__Your assignment__:
Start at the line in the entries below that contains "Škoda Octavia COMBI", stop at the line that contains "Encuentro celebrado en", and output exactly the lines in that span, both ends included.

*** Supplied records Section Begins ***

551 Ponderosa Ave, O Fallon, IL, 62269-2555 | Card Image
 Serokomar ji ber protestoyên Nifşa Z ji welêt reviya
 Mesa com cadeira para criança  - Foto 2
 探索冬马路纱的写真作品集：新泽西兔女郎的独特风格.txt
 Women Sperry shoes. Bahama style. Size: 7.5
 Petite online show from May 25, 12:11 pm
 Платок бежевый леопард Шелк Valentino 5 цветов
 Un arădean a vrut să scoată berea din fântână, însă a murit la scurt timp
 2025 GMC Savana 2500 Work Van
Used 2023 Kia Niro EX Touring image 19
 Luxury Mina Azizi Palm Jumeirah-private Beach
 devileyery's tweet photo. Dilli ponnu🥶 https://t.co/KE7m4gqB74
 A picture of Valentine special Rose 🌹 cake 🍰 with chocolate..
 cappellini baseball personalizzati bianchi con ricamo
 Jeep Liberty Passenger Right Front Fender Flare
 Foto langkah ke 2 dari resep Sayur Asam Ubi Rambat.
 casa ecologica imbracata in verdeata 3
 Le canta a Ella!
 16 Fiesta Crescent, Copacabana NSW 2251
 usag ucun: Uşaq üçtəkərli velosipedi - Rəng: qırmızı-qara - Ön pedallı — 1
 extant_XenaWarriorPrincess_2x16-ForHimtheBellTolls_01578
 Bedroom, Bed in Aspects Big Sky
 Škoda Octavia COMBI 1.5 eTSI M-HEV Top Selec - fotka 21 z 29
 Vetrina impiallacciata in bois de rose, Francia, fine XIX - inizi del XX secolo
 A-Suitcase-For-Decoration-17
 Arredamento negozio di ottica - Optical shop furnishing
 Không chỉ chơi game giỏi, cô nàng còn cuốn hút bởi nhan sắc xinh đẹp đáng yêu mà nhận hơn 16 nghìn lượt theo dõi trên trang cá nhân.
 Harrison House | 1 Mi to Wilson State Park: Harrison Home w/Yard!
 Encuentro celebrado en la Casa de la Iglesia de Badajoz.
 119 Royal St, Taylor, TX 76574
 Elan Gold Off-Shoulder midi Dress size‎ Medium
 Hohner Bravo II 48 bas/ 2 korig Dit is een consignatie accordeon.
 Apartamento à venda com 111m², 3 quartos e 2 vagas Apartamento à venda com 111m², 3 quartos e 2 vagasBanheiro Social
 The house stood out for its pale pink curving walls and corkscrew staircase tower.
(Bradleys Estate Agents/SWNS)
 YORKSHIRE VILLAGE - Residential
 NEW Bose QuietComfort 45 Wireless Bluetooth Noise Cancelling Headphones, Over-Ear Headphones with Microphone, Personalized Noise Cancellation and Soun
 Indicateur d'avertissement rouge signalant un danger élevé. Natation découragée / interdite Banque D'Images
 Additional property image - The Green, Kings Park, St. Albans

*** Supplied records Section Ends ***

__Your solution__:
 Škoda Octavia COMBI 1.5 eTSI M-HEV Top Selec - fotka 21 z 29
 Vetrina impiallacciata in bois de rose, Francia, fine XIX - inizi del XX secolo
 A-Suitcase-For-Decoration-17
 Arredamento negozio di ottica - Optical shop furnishing
 Không chỉ chơi game giỏi, cô nàng còn cuốn hút bởi nhan sắc xinh đẹp đáng yêu mà nhận hơn 16 nghìn lượt theo dõi trên trang cá nhân.
 Harrison House | 1 Mi to Wilson State Park: Harrison Home w/Yard!
 Encuentro celebrado en la Casa de la Iglesia de Badajoz.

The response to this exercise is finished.